From the data that follows, print exactly the lines starting at the one containing "Używany Peugeot 5008 2013 Szary Minivan" and ending at the one containing "Milwaukee M18 FUEL™"; include both of them and nothing more.

Data records
• • • •

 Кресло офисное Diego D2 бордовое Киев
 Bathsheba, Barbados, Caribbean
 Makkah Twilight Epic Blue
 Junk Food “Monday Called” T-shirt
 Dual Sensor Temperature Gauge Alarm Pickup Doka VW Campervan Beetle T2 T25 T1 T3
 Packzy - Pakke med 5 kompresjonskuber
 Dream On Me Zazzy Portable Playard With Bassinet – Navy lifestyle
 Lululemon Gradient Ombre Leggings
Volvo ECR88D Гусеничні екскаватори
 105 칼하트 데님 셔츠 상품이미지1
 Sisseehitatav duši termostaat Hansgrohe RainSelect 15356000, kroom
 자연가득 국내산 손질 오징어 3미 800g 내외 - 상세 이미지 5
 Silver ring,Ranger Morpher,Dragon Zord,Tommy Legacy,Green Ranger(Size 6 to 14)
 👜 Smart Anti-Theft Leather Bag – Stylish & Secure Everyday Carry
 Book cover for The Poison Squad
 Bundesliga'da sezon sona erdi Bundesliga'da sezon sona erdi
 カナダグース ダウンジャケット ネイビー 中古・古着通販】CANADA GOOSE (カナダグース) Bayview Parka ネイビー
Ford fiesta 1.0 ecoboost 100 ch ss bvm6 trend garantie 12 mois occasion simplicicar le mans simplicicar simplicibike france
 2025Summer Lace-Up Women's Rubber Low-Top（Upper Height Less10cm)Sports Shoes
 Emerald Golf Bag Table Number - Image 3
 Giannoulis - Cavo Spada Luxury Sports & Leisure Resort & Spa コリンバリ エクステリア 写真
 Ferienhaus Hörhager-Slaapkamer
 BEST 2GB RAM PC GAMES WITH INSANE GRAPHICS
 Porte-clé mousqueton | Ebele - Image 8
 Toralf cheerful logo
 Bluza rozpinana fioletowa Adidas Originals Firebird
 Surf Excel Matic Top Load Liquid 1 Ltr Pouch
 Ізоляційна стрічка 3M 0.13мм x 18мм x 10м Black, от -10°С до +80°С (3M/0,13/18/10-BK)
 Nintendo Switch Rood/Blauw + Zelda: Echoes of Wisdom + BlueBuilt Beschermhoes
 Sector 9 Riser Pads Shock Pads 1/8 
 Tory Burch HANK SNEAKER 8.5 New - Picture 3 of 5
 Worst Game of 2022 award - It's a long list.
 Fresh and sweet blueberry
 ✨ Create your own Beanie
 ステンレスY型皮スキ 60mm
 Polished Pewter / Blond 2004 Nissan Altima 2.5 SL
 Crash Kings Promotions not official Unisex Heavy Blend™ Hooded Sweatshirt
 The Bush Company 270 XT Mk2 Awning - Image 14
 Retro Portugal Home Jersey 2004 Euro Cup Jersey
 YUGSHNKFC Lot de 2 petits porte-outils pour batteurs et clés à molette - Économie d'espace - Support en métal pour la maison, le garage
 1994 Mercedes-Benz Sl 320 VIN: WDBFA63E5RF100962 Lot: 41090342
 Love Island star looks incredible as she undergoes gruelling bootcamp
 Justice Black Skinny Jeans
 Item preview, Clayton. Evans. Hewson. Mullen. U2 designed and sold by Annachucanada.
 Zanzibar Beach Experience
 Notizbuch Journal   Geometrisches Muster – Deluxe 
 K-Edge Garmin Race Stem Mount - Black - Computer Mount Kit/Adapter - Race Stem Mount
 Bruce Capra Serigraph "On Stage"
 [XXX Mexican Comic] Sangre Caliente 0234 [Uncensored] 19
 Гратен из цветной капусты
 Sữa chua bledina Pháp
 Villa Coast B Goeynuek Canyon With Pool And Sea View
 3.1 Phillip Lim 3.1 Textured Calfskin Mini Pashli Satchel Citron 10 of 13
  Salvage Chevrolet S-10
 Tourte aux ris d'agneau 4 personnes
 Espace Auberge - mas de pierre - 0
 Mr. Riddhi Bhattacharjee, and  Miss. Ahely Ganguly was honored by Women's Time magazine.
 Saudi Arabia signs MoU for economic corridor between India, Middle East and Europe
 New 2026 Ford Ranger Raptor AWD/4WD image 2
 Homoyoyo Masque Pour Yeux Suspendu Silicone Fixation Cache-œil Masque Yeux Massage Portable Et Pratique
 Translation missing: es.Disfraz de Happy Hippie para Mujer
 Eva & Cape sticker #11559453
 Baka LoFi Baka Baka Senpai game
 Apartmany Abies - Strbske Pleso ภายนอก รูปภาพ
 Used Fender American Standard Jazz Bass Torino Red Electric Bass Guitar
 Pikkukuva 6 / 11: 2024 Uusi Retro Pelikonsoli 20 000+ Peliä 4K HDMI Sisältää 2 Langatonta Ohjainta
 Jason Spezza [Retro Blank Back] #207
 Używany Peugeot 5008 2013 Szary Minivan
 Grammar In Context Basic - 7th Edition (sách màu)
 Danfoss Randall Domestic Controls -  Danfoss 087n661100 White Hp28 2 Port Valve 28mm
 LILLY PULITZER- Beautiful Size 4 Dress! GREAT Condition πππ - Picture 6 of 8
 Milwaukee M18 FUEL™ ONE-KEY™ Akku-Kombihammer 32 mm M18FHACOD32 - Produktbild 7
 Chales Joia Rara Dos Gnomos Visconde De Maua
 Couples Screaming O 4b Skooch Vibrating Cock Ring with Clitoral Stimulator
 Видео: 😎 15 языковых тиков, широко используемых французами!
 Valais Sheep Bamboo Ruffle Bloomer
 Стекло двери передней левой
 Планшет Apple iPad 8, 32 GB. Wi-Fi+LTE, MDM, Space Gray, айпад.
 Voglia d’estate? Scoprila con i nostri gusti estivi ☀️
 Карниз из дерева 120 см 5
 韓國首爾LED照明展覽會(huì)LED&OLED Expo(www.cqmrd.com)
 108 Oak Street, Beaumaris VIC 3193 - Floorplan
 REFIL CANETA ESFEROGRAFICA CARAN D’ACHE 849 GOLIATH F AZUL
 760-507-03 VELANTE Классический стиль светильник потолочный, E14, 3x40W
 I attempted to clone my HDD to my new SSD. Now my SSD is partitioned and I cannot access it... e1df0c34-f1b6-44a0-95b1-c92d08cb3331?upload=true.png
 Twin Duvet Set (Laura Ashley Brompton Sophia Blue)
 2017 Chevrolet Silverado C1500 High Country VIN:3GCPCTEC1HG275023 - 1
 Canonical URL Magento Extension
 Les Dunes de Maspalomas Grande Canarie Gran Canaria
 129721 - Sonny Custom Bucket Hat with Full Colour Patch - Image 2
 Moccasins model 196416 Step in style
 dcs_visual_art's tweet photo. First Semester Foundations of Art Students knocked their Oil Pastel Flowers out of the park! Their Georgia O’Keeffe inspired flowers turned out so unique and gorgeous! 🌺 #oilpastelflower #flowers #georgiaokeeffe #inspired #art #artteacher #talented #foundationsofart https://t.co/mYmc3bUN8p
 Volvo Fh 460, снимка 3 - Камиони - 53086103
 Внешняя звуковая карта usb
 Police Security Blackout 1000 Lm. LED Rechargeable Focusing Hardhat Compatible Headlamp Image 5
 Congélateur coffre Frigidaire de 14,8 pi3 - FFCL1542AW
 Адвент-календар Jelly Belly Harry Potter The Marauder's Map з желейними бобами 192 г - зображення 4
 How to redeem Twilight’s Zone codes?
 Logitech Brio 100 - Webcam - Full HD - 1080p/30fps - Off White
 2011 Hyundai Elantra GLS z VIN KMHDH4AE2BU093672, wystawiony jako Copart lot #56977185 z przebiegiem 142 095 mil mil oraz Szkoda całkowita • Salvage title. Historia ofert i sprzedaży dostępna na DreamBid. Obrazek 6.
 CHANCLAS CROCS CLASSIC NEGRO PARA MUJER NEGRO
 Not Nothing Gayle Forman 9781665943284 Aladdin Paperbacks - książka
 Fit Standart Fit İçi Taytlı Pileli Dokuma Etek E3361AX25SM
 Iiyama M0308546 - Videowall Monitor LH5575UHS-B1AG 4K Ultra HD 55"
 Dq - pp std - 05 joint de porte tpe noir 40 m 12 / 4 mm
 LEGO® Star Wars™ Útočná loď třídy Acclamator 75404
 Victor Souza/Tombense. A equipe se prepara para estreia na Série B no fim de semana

• • • •

#### Output of the exercise:
 Używany Peugeot 5008 2013 Szary Minivan
 Grammar In Context Basic - 7th Edition (sách màu)
 Danfoss Randall Domestic Controls -  Danfoss 087n661100 White Hp28 2 Port Valve 28mm
 LILLY PULITZER- Beautiful Size 4 Dress! GREAT Condition πππ - Picture 6 of 8
 Milwaukee M18 FUEL™ ONE-KEY™ Akku-Kombihammer 32 mm M18FHACOD32 - Produktbild 7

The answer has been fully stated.